Scenario: Fuzzing discovered a crash in an image parser. Let's analyze step by step.

Vulnerable Code:

// vuln_parser.c - Vulnerable image parser
#include <stdio.h>
#include <stdlib.h>
#include <string.h>
#include <stdint.h>

void build_huffman_table(uint8_t *input, size_t size) {
    if (size < 8) return;

    uint32_t table_size = *(uint32_t*)input;
    uint8_t *codes = input + 4;
    uint8_t *table = malloc(256);
    memcpy(table, codes, table_size);
    printf("Built Huffman table with %u codes\n", table_size);
    free(table);
}

ASAN Output:

==37160==ERROR: AddressSanitizer: heap-buffer-overflow on address
0x511000000140 at pc 0x56d6a37d0f62 bp 0x7ffd9f024440 sp 0x7ffd9f023c00
WRITE of size 512 at 0x511000000140 thread T0

Interpretation:

Field	Value	Meaning
Bug Type	heap-buffer-overflow	Heap overflow
Operation	WRITE of size 512	Writing 512 bytes
Location	vuln_parser.c:16	Bug line
Allocation	256-byte buffer	Buffer allocated
Overflow	512 - 256 = 256	Overflow amount

Assessment: EXPLOITABLE - Attacker controls both overflow size and data.
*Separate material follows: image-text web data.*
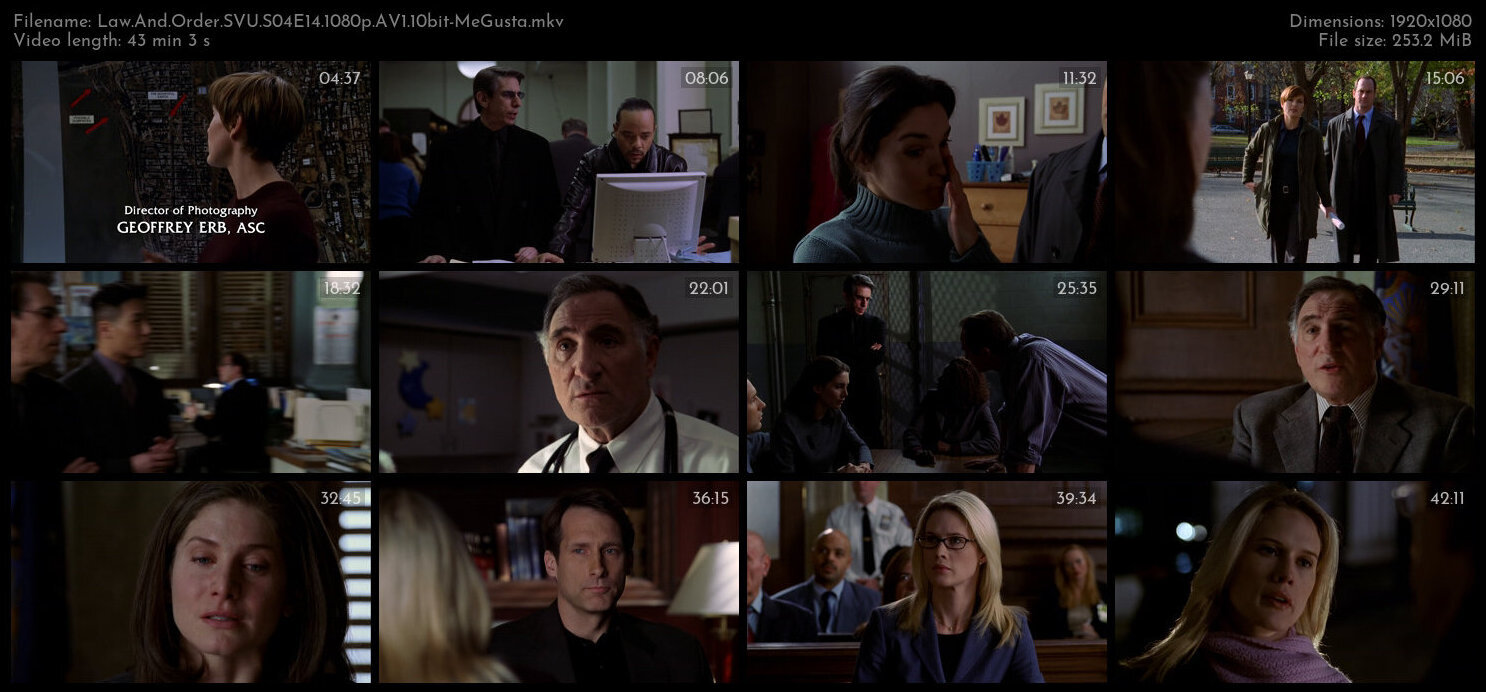 Law And Order SVU S04E14 1080p AV1 10bit MeGusta TGx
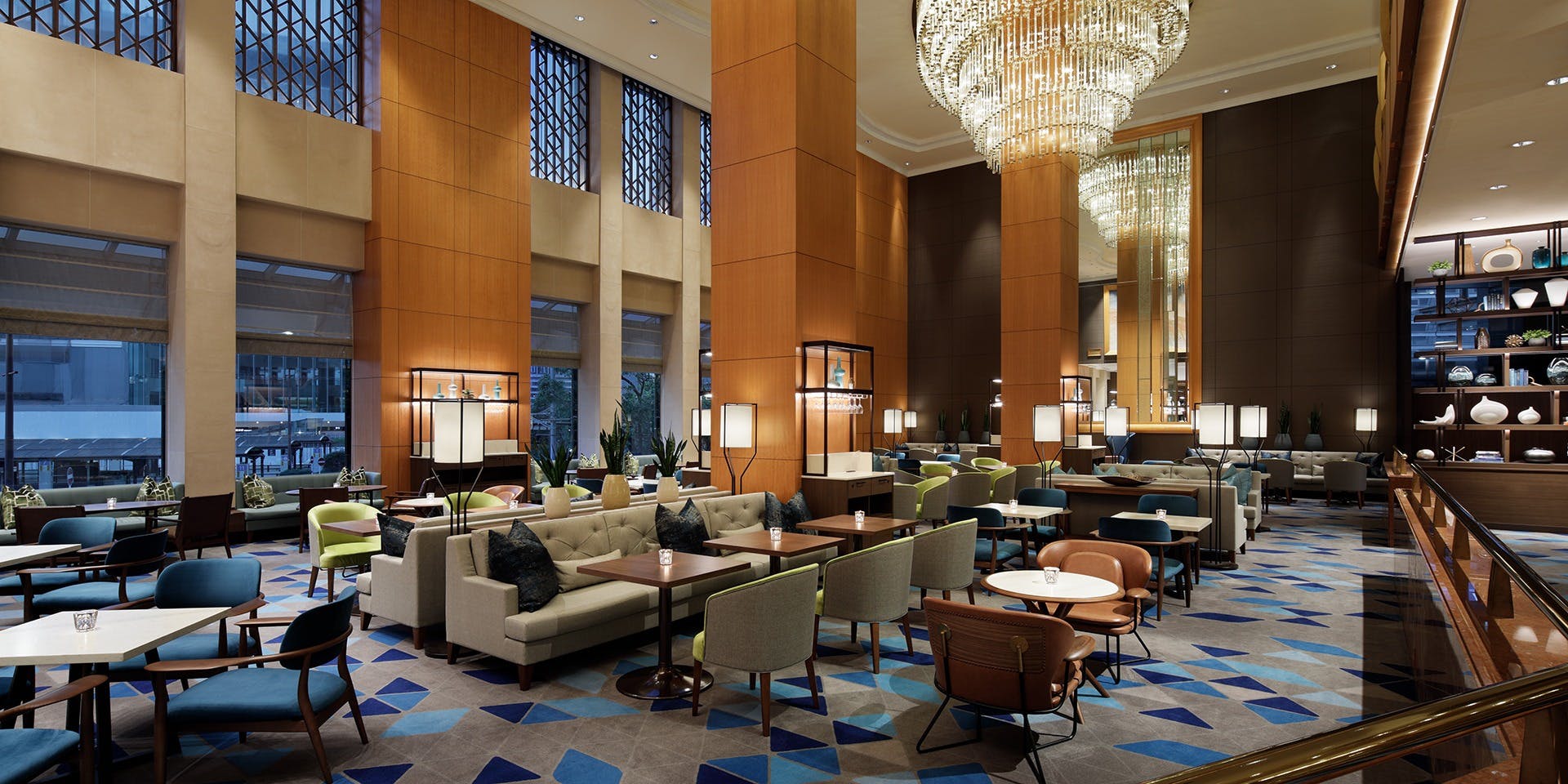 ラウンジ「シーウインド」／横浜ベイシェラトン ホテル＆タワーズ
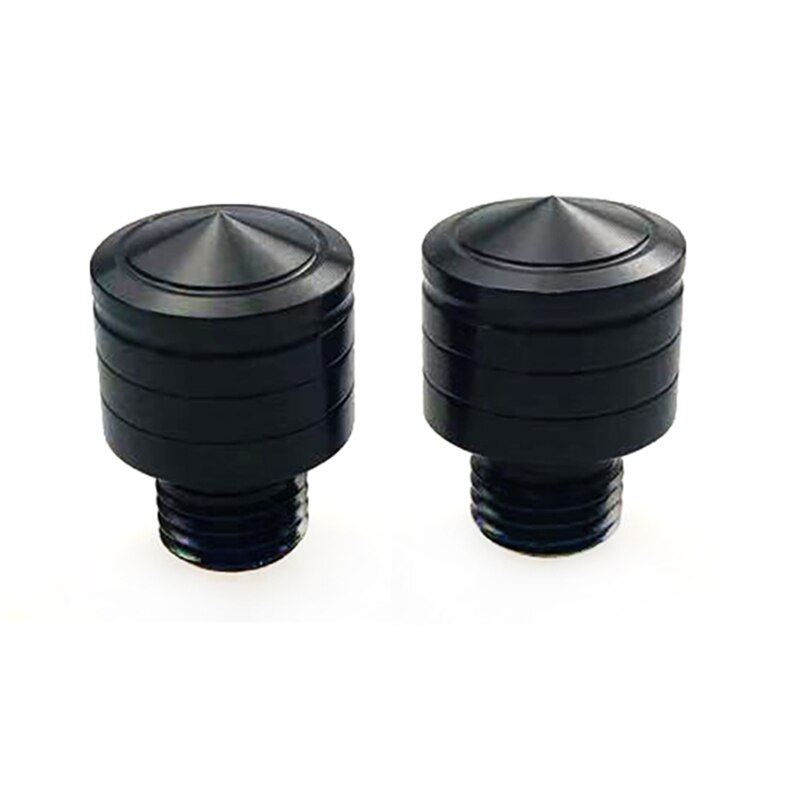 Rétroviseurs de moto pour Kawasaki Z400 Z650 Z750 Z800 Z250, 2 pièces, adaptateur de montage de rétroviseur latéral: Black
3.7.2. 2.7.2 Case Study: Use-After-Free Analysis

Vulnerable Code:

typedef struct {
    char *name;
    void (*process)(void);
} Handler;

Handler *handler = NULL;

void unregister_handler(void) {
    if (handler) {
        free(handler);
        // BUG: Missing handler = NULL
    }
}

void call_handler(void) {
    if (handler) {
        handler->process(); // UAF!
    }
}

Exploitation Strategy: 1. Free handler 2. Heap grooming: allocate objects of same size 3. Reclaim freed memory with controlled data 4. Trigger UAF → code execution

Assessment: EXPLOITABLE

3.7.3. 2.7.3 Case Study: Integer Overflow → Heap Corruption

Vulnerable Code:

void process_image(uint32_t width, uint32_t height, uint8_t *data) {
    size_t buffer_size = width * height * 4; // overflow!
    uint8_t *buffer = malloc(buffer_size);
    for (size_t i = 0; i < width * height; i++) {
        buffer[i] = data[i]; // massive overflow
    }
}

Chain: Integer overflow → malloc(0) → loop with large bounds → heap corruption

Assessment: EXPLOITABLE

3.8. 2.8 Developing Fuzzing Harnesses

3.8.1. 2.8.1 Example: JSON Parser Harness

// fuzz_json.c
#include <json-c/json.h>
#include <stdint.h>
#include <stddef.h>

int LLVMFuzzerTestOneInput(const uint8_t *data, size_t size) {
    const char *data1 = (const char *)data;
    json_tokener *tok = json_tokener_new();
    json_object *obj = json_tokener_parse_ex(tok, data1, size);
    if (obj) {
        json_object_to_json_string_ext(obj, JSON_C_TO_STRING_PRETTY);
        json_object_put(obj);
    }
    json_tokener_free(tok);
    return 0;
}

Compilation:

clang-19 -g -fsanitize=address,fuzzer -I./json-c fuzz_json.c json-c/libjson-c.a -o fuzz_json
./fuzz_json corpus/ -max_total_time=300

3.8.2. 2.8.2 Harness Design Principles

Principle	Description	Impact
In-Process Execution	LLVMFuzzerTestOneInput without fork	10-100x faster
Direct API Target	Call core functions	Avoids arg parsing
Coverage Maximization	Exercise multiple paths	Finds more bugs
Proper Cleanup	Free memory	Prevents OOM
Sanitizer Compatible	ASAN/UBSAN	Better detection

3.8.3. Chapter 2 Conclusions

Fuzzing finds real vulnerabilities - Not just theoretical crashes.
Coverage-guided fuzzing is powerful - AFL++, Honggfuzz, FuzzTest.
Sanitizers are essential - ASAN, UBSAN detect subtle bugs.
Time matters - Many bugs require hours/days.
Corpus quality affects results - Valid inputs reach deep code.
Parsers are primary targets - Image, protocol, file format parsers.

Discussion Questions:

Why is in-process faster than file-based wrappers?
How does corpus quality affect fuzzer penetration?
What are the risks of over-mocking in harnesses?
How to determine if fuzzing has reached diminishing returns?